But it is still stalling out on import of a single file.

dman’s picture

Can you supply an example of the page source it's stalling on?
I can't guess too well yet, but there may be something in the XHTML parsing or the tidy process that's just too confusing.
In demo mode, no saves are actually made yet - it should be presenting you with a pre-filled node edit form just showing you what fields have been extracted. You could press 'save' from there.

This error point indicates something probably went wrong at line 1697 _import_html_process_html_page() ... at which point the error handler has been temporarily disabled (for hacky reasons - I only want to run 'tidy' if the input is invalid, but can't tell if it's invalid without trying to parse it - which throws errors) so death there is not being handled.

comment out:

#    set_error_handler('stfu');
    $xmldoc = parse_in_xml_file($path, FALSE);
#    restore_error_handler();

to see the errors.

Is there anything quirky in the input - does it even validate already? If not, that should be OK, unless it's broken in a weird way.

Can you post details about the XML and XSLT versions from your phpinfo() ?

leeksoup’s picture

StatusFileSize
new14 KB

Sorry for the slow reply -- I've been out of town.

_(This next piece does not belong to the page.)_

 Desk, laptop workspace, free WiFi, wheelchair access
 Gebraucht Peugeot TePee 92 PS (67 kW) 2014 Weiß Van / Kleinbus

I'm attaching the page source after it runs through my perl script to tag it. (I changed the extension to txt so I could upload it here.) It is supposed to generate several review type nodes, where the review is a cck type node I have defined. The original html file is online at http://love2learn.net/math/math.htm

Commenting out those code lines didn't change the behavior at all. I am getting messages indicating it is loading OK, i.e. I can see it running through tidy, then it says it is loaded, tidied, stripped of php tags. Then toward the end

Using PHP5 DOM extension to process XML
...
XML source sites/l2ltest/files/imported/math/math.htm successfully loaded as an XML doc.
: in parse_in_xml_file(), line 108 xml-transform.inc : in _import_html_process_html_page(), line 1712 import_html.module : in _import_html_import_files(), line 1514 import_html.module : in import_html_demo_form_submit(), line 916 import_html.module : in drupal_submit_form(), line 428 form.inc : in drupal_process_form(), line 258 form.inc : in drupal_get_form(), line 80 form.inc 0.31s elapsed. (430 total)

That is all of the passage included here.